Graham Potter was the first appointment of the Todd Boehly era but he was unceremoniously dismissal after just seven months at Stamford Bridge. By sending Potter packing in early April, the Blues brought about the 13th manager change of this Premier League campaign overall. The previous record for a single season stood at 10 sackings.
Of course, the upheaval caused by hiring and firing coaches midseason is generally weighed against the fabled “new manager bounce” that supposedly comes with the introduction of new personnel to add fresh impetus to a jaded set of players and new ideas to change what has gone wrong. But have any of the Premier League clubs who swapped out their coaching staff this season actually benefit from the bounce, or is it simply just a figment of the collective footballing imagination?

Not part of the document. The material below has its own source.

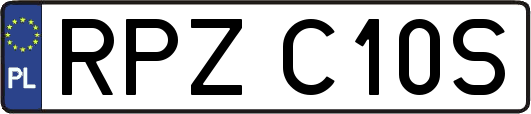 RPZC10S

Here we assess each new managerial arrival (either permanent or interim, not caretaker) of 2022-23 in chronological order and look at how they each fared in their opening six games to ascertain if any instant improvement in fortunes did indeed take place.
We look at whether each new coach brought about a new manager “bounce” (an immediate and sustained improvement in performances), a “bump” (a temporary but unspectacular upturn) or a “bust” (anything from affecting no discernible change to a further disintegration in form and morale).
1. Gary O’Neil, Bournemouth (replaced Scott Parker on Aug. 30, 2022)
After losing three consecutive games by a cumulative score of 16-0 at the beginning of the season, Parker was sacked just four games in after a particularly brutal 9-0 thrashing at the hands of Liverpool. O’Neil, part of Parker’s coaching staff, was named as immediate successor taking over on an initial interim basis.
Bournemouth picked up 10 points from O’Neil’s first 12 games at the wheel, which in turn earned him an 18-month contract which was signed Nov. 27. The 39-year-old is still in charge at the Vitality Stadium with his side 15th on 30 points, three points above the relegation zone.